Glad of an opportunity to escape from the terrible formality of dining at my aunt's, where old Bateson waited upon one with the air of a funeral mute, I dressed next evening and took train to Richmond, where I had no difficulty in finding Gordon's place, a large new house about halfway up Richmond Hill. It was a decidedly pleasant place, built in artistic early English style, the interior being mostly decorated in dead white, with a square hall and oak staircase, and rooms with high oak wainscoting and wrought iron electric light brackets. In the hall where he welcomed me a fire burnt brightly, and in his little den beyond, with its high-backed antique chairs, everything was decidedly cosy. Indeed I envied him, and remarked upon the perfectly artistic arrangement of his abode.

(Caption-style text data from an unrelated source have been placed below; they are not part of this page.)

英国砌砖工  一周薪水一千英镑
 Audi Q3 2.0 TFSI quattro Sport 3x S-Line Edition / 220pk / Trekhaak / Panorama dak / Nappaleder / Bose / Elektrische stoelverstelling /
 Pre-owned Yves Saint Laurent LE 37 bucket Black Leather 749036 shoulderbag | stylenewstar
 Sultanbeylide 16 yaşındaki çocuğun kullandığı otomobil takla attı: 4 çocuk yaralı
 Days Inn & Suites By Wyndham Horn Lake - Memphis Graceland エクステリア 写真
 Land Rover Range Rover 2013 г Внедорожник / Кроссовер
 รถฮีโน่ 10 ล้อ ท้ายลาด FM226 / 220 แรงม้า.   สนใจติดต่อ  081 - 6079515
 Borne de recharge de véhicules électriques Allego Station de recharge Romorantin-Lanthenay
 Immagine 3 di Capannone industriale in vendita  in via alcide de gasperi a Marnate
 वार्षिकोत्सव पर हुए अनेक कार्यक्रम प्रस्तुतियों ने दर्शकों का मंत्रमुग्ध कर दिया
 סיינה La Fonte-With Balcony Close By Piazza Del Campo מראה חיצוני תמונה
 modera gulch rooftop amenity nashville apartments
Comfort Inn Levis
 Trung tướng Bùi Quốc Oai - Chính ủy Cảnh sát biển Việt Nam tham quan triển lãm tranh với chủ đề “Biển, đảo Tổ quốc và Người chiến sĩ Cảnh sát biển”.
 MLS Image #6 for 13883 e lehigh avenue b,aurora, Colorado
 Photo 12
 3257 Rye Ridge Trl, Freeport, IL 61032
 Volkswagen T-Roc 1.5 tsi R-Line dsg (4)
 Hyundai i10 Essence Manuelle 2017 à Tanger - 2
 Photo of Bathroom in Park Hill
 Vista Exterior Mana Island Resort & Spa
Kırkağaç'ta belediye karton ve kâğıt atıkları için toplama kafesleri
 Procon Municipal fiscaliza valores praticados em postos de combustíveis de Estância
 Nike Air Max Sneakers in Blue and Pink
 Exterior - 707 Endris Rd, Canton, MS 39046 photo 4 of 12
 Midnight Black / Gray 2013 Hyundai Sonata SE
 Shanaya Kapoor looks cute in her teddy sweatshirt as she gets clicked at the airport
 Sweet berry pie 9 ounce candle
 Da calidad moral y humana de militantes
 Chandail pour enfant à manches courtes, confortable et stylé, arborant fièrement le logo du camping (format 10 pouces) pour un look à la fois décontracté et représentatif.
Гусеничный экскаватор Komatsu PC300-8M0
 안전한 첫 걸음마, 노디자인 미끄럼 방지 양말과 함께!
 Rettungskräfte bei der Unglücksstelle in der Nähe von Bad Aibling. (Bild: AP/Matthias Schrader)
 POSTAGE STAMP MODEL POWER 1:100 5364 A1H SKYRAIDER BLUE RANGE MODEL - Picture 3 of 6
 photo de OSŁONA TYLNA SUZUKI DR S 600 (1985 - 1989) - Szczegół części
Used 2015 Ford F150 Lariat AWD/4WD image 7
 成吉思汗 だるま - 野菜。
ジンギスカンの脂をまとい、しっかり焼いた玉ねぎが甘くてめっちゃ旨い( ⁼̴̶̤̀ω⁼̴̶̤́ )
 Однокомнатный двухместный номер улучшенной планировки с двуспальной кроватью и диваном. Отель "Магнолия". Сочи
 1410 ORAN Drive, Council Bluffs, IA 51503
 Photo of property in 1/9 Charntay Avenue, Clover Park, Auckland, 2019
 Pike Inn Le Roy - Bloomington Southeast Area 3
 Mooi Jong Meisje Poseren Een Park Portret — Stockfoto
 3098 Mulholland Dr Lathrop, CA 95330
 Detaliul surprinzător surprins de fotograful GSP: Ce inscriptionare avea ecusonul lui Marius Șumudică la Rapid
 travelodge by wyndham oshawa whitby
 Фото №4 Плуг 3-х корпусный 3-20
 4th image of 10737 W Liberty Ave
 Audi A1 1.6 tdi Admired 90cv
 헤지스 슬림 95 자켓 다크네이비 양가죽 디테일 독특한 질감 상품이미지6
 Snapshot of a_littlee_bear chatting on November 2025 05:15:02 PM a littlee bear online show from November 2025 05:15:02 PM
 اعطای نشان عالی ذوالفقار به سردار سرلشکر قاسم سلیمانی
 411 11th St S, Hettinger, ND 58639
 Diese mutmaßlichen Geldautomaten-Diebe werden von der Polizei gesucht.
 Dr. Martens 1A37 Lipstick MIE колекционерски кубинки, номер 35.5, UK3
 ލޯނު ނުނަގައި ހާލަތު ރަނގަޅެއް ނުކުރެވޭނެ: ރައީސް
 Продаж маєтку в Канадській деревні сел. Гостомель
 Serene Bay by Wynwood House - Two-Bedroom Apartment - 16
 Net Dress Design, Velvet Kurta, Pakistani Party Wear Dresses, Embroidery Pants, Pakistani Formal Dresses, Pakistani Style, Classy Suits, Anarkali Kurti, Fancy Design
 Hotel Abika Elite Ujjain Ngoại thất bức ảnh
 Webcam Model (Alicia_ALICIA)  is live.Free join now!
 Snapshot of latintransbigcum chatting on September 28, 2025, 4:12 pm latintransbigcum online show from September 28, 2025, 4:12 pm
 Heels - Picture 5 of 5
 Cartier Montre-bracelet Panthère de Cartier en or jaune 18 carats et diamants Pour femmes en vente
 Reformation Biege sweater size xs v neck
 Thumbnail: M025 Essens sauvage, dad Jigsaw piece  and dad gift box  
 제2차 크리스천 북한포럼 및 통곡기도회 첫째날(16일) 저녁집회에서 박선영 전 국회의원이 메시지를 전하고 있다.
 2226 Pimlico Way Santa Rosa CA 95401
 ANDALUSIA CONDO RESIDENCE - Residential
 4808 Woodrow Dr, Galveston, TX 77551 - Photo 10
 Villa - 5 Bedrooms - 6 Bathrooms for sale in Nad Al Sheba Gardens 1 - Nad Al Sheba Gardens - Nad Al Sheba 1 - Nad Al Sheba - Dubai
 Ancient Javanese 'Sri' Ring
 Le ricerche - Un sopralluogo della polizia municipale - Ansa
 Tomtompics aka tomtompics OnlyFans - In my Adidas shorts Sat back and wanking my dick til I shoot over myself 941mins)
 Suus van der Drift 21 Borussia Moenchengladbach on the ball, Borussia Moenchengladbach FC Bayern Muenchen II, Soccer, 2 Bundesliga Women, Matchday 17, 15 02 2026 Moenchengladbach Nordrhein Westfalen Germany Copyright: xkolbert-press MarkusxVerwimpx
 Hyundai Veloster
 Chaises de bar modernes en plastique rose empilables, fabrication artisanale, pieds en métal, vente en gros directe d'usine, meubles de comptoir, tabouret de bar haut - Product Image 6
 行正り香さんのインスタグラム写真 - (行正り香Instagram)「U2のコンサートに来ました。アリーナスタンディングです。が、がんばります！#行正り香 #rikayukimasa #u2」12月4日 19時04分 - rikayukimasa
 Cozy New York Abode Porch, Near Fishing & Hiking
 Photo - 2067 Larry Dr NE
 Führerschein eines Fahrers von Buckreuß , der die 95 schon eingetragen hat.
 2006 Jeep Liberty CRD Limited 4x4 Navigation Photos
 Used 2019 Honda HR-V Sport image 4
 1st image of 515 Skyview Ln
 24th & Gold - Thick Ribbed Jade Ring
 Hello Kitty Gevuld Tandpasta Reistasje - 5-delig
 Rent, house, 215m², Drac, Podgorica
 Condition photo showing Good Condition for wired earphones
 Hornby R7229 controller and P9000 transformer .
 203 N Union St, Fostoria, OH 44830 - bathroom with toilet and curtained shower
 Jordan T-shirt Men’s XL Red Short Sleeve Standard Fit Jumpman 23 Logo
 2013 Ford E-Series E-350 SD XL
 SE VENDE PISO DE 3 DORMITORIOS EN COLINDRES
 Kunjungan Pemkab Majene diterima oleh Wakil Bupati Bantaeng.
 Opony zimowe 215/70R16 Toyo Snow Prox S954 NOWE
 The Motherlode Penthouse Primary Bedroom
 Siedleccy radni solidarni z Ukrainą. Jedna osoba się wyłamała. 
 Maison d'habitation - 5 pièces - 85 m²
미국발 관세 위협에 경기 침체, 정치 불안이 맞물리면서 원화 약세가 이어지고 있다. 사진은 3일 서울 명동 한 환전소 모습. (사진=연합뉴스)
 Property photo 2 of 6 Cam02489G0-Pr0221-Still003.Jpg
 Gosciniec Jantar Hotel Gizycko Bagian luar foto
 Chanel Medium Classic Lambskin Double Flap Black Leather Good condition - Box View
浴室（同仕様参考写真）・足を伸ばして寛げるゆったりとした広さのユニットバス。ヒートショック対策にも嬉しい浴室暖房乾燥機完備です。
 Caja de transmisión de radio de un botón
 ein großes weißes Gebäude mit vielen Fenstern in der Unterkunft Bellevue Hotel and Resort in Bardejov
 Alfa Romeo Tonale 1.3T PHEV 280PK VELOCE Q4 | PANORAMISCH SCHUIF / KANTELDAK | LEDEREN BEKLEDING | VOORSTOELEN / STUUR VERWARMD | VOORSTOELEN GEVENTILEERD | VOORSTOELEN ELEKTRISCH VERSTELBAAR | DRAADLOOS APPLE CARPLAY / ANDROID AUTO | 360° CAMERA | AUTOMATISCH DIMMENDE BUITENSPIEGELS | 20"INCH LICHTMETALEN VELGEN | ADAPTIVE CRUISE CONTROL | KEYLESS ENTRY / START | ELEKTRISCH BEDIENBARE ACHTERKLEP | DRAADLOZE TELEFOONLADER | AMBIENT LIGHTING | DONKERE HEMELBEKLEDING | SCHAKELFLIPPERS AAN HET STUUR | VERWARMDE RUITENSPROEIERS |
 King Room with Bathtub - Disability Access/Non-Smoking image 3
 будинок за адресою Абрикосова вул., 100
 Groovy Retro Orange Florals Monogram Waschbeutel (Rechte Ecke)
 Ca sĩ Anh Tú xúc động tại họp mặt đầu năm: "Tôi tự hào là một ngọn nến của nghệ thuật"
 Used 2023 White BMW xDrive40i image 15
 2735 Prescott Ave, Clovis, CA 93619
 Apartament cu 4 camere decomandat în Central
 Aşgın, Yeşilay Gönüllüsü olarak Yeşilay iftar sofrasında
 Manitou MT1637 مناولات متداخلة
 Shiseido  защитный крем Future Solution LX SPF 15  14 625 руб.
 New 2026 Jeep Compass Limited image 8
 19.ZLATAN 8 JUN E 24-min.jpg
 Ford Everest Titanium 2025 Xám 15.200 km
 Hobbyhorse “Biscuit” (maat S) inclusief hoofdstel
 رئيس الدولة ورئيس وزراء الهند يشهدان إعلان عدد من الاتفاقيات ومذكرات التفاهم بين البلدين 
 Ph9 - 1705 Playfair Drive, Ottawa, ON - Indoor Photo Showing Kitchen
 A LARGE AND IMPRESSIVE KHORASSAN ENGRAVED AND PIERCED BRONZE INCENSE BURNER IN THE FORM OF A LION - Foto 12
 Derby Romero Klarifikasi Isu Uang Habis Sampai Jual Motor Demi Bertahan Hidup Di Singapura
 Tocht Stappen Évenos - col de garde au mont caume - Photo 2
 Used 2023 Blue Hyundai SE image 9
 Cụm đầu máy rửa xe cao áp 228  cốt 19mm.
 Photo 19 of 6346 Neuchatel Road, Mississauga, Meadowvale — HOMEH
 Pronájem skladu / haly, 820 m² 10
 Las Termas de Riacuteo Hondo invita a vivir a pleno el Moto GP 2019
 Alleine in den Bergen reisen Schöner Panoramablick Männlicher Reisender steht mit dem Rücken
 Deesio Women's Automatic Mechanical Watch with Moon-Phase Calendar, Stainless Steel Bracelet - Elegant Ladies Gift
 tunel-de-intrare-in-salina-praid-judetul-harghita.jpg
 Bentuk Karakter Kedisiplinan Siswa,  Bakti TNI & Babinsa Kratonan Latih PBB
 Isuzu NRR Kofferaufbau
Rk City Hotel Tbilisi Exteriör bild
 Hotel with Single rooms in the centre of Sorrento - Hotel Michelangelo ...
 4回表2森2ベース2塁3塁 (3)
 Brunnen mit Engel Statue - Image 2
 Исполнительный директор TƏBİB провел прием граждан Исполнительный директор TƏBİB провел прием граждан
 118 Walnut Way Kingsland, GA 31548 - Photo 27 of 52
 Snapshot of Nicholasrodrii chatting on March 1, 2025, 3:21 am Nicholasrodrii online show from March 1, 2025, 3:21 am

"Yes," he laughed. "It's my wife's fancy to have a house like this. She is fond of having things different to other people—a woman's weakness for the distinct, I suppose."

My train had brought me there about a quarter of an hour too early; therefore, when I had removed my coat, we sat chatting in my old friend's little study, lounging lazily before the fire and enjoying a quiet few minutes.

"By Jove!" Gordon exclaimed, after a pause. "It's really a stroke of good fortune, old fellow, to be appointed to Brussels. The Chief has indeed been generous. I only wish I could get a post abroad, but somehow I'm always passed over."

"Why, surely you don't want to give this up?" I said. "How long have you been here?"

"About a year."

"And yet you want to go abroad!" said I. "I tell you, Gordon, you wouldn't be half so happy, living in a foreign town, with your wife snubbed by some of the women with whom you have, for diplomatic purposes, to be nice to. It's all very well to be an attache while you're a bachelor, but afterwards—well, the thing's impossible."

"And you've had a rattling good time of it—eh?" he asked, smiling.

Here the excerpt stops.